_What you have to do_
Your output should be the lines below from the one with "Gyeongju Neulsiwon Pension" through the one with "2015 Hyundai Elantra", copied exactly, pictures excluded.

_Supplied records_
[Start of Attachment]
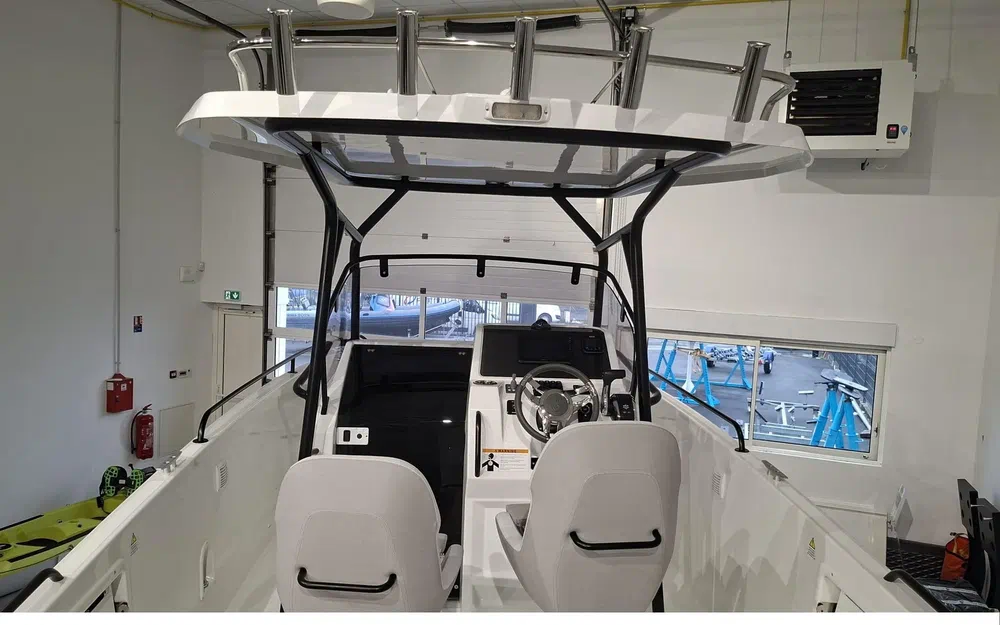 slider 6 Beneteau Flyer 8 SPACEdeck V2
[End of Attachment]
[Start of Attachment]
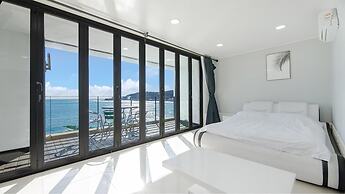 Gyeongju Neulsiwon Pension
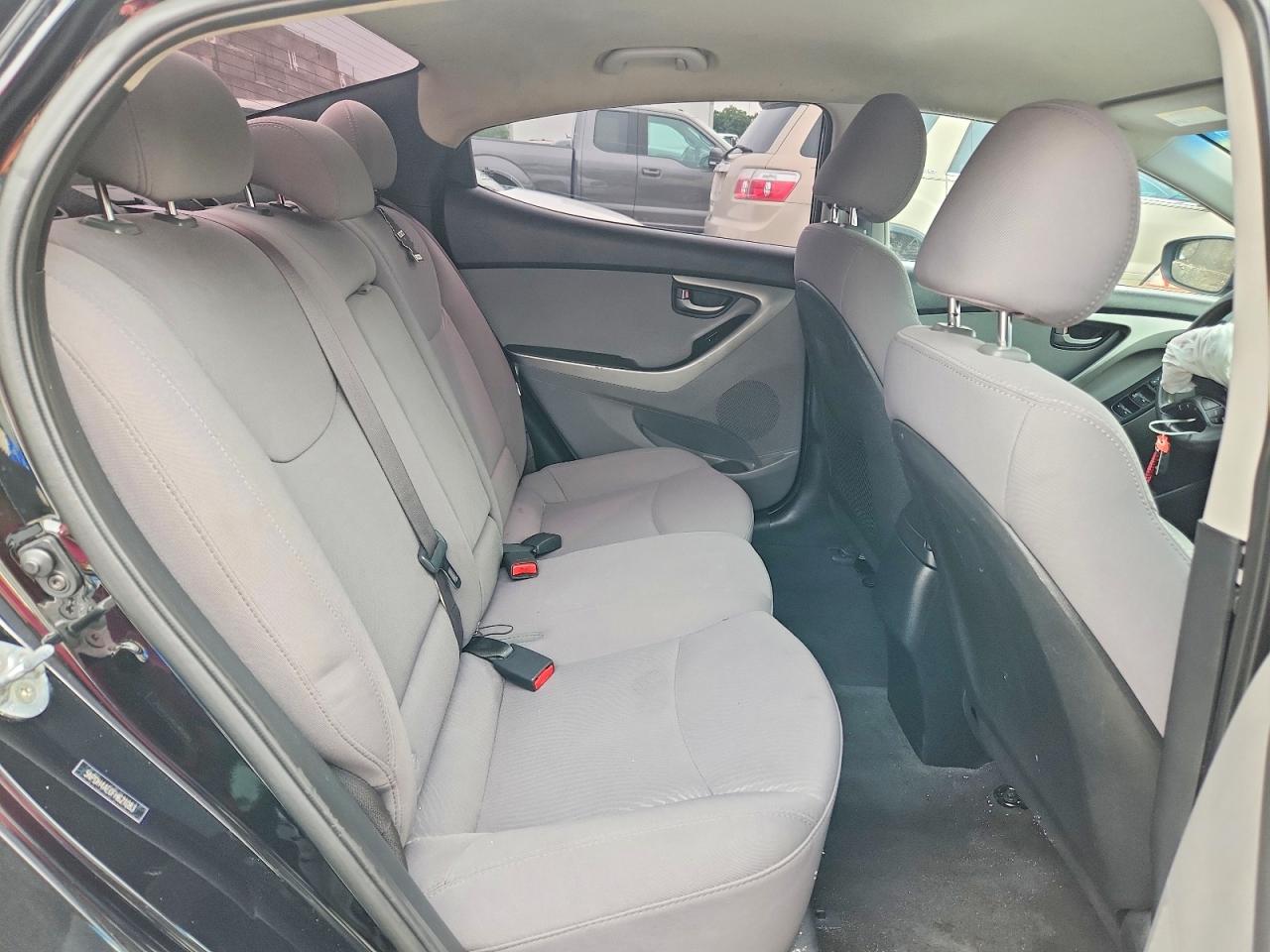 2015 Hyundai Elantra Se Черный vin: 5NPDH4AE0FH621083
[End of Attachment]
[Start of Attachment]
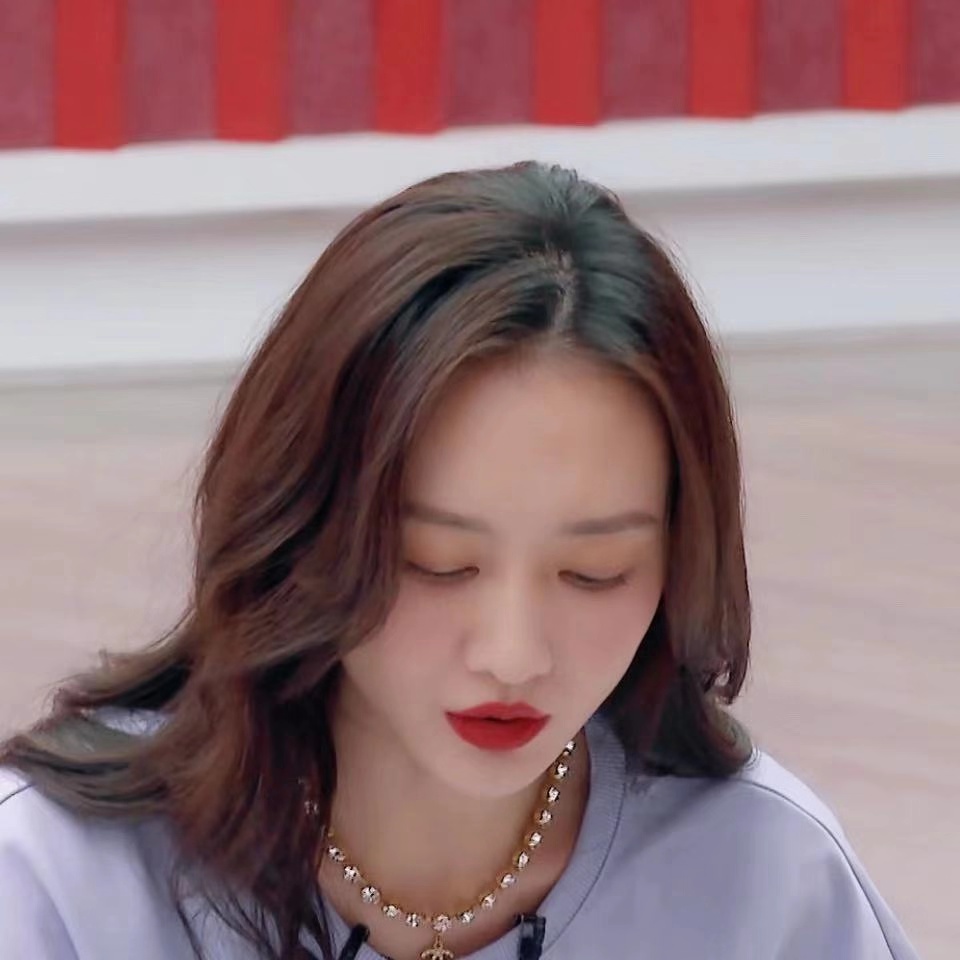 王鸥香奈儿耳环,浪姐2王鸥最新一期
[End of Attachment]
_Solution_
 Gyeongju Neulsiwon Pension
 2015 Hyundai Elantra Se Черный vin: 5NPDH4AE0FH621083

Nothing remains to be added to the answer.